The complaints charge that Altus was not controlled by individual investors, but by CL, whose majority shareholder at the time was the French government. If true, CL would have been in violation of the Glass-Steagle Act, then in force, which prohibited banks from participating in the management of insurance companies. It would also contravene California statutes, which prohibit foreign governments from investing in domestic insurers. The later charges against Pinault and his companies accused them of knowing the real situation, and failing to disclose it, and as acting as behind the scenes participants in the deal.

The U.S. Attorney’s Office in LA

has been pressing Washington to allow it to bring an indictment for some time. Last week two prominent California legislators, Howard Berman and Nancy Pelosi, publicly urged Attorney General John Ashcroft to go ahead with an indictment.

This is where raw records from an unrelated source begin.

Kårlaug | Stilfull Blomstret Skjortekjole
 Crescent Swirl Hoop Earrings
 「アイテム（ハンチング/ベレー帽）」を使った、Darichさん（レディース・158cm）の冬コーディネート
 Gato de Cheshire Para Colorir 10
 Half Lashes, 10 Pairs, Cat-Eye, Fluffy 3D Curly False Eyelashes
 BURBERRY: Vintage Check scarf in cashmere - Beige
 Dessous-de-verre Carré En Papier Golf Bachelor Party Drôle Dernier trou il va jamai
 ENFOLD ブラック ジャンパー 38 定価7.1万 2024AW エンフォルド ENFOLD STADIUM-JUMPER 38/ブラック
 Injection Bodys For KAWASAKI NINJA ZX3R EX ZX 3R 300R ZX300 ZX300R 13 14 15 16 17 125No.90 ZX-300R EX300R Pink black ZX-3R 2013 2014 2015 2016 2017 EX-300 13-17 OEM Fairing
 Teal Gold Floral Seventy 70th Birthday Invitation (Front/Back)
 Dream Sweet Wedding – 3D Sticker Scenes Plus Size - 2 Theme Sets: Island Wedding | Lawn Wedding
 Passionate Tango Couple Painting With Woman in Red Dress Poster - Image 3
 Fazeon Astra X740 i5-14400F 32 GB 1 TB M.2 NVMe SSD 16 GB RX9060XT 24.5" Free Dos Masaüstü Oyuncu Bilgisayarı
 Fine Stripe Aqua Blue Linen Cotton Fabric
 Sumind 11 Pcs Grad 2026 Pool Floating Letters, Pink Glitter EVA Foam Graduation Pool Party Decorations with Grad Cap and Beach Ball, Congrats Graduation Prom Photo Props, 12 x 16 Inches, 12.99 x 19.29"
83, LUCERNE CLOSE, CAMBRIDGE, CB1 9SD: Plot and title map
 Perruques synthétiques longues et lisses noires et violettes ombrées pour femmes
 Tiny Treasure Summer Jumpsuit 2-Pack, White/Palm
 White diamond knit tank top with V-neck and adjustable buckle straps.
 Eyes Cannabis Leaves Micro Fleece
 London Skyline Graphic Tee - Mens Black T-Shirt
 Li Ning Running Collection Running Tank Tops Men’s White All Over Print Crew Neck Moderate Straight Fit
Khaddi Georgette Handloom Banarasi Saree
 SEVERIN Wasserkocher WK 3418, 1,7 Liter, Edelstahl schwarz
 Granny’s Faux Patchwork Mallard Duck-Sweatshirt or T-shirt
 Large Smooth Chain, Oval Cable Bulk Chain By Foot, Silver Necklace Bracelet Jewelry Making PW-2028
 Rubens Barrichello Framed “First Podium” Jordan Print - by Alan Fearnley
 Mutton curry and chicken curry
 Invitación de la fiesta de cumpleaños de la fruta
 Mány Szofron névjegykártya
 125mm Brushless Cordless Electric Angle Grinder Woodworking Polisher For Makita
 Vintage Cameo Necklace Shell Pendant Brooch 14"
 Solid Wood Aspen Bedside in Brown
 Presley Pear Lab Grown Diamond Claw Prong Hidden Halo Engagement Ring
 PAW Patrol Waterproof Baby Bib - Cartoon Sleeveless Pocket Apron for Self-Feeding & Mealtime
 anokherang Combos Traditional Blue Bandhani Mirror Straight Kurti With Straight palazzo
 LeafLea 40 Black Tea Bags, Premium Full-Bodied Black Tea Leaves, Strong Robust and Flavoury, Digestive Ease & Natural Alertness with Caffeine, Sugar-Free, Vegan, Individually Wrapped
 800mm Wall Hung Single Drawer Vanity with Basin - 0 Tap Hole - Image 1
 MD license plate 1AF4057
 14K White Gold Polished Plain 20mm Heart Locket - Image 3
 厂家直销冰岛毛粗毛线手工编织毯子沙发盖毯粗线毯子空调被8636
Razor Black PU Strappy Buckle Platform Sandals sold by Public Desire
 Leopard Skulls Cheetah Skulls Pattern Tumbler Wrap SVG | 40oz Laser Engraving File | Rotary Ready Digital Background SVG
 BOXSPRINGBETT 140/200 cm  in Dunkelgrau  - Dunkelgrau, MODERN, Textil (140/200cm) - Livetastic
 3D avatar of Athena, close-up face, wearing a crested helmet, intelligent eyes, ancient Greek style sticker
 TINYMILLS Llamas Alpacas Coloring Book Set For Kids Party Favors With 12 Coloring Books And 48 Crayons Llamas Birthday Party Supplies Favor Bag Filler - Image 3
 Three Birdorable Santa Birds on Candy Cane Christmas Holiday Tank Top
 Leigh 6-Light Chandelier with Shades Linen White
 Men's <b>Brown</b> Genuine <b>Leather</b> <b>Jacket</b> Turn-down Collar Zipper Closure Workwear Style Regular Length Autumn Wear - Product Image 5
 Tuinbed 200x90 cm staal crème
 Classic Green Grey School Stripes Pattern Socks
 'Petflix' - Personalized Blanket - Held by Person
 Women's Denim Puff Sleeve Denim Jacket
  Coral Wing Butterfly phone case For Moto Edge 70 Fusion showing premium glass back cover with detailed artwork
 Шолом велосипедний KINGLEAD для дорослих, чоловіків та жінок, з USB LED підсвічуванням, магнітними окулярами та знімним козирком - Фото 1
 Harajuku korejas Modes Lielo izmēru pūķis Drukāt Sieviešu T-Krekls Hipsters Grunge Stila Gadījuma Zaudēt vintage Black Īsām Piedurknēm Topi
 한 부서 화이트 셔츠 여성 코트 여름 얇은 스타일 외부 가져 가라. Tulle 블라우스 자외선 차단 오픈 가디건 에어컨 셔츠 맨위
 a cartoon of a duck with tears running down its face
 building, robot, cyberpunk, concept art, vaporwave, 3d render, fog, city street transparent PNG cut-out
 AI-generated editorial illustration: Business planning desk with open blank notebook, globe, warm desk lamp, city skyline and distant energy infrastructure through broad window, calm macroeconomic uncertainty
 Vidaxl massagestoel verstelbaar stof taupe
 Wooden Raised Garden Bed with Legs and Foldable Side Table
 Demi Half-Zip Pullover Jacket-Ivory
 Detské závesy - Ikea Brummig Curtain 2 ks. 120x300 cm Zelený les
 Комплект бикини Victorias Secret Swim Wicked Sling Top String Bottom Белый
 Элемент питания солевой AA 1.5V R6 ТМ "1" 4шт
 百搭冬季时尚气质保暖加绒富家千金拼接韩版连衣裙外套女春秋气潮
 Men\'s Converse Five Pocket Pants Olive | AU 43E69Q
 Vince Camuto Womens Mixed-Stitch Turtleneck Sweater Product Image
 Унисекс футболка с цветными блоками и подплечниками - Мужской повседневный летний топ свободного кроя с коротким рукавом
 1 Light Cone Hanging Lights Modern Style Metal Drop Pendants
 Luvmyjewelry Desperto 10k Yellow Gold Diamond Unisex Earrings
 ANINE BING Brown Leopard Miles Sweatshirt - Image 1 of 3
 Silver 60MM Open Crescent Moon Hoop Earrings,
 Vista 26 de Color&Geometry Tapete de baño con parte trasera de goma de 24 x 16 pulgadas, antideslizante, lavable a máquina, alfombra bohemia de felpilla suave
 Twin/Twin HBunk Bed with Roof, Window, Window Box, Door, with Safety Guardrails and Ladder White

Any potential settlement would have to take into account the demands of the policyholders, many of whom had annuity payments cut following the takeover by Altus, and the several civil suits now in the California Courts. It would also have to resolve an ongoing investigation of CL by the Federal Reserve. The French government, however, which denationalized CL several years ago, has been pressing hard for an end to the investigations, and CL’s Washington lawyer, George Terwillinger, a former deputy attorney general, who represented president Bush during the recounting of votes in Florida, has argued that CL did no intentional harm, and should be allowed to settle the case.